- **DATA EXCERPT**
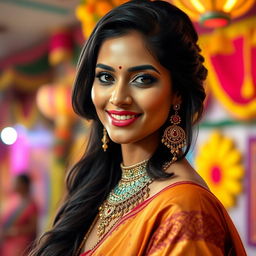 A stunning and alluring Indian woman, wearing traditional attire that highlights her beauty, with intricate jewelry adorning her neck and ears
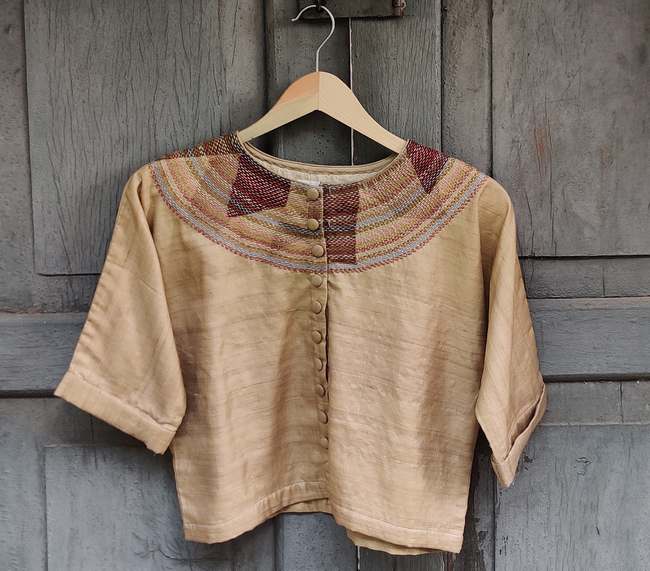 Handwoven tussar silk sujani crop top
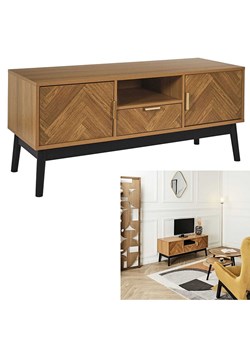 Rétro Chic Szafka RTV "Felix" w kolorze jasnobrązowo-czarnym - 110 x 48 x 40 cm ze sklepu Limango Polska w kategorii Meble - zdjęcie 188791538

- **WORK TASK**
Everything in the material except the pictures should be restated word for word.

- **ANSWER TO THIS PROBLEM**
 A stunning and alluring Indian woman, wearing traditional attire that highlights her beauty, with intricate jewelry adorning her neck and ears
 Handwoven tussar silk sujani crop top
 Rétro Chic Szafka RTV "Felix" w kolorze jasnobrązowo-czarnym - 110 x 48 x 40 cm ze sklepu Limango Polska w kategorii Meble - zdjęcie 188791538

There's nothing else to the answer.